Each line of the material should be set down exactly. Pictures are not part of the copy.

> _The data_:
----------
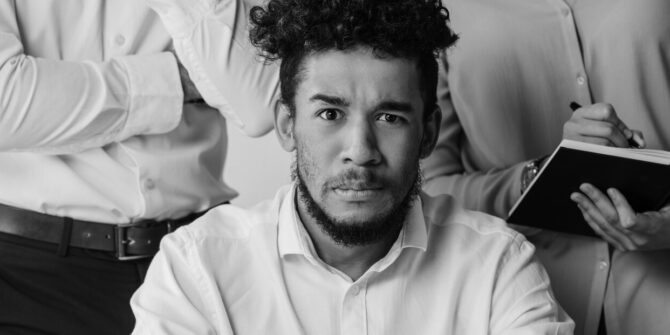 Confused man seated in front of standing woman writing in a small book and man with folded arms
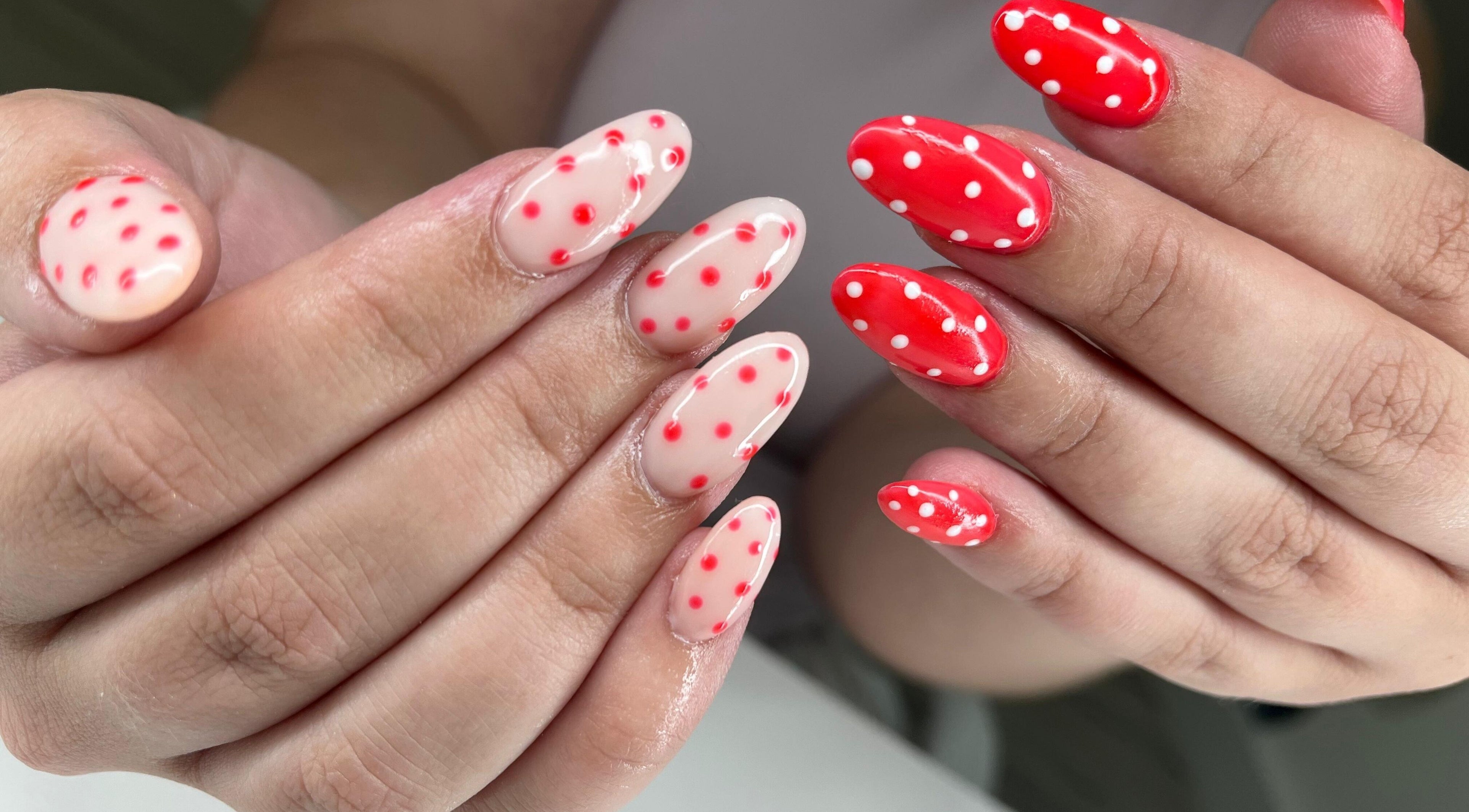 Polka dot nail art at Glow Gang Studio in Cape Town, Western Cape, ZA showcases vibrant red and white designs.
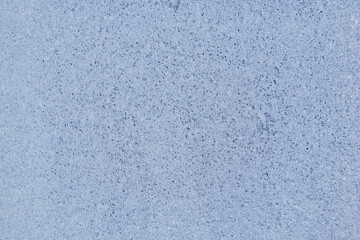 Frost patterns on frozen glass on a winter day. Winter frosty texture natural background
----------
> _Answer to this problem_:
 Confused man seated in front of standing woman writing in a small book and man with folded arms
 Polka dot nail art at Glow Gang Studio in Cape Town, Western Cape, ZA showcases vibrant red and white designs.
 Frost patterns on frozen glass on a winter day. Winter frosty texture natural background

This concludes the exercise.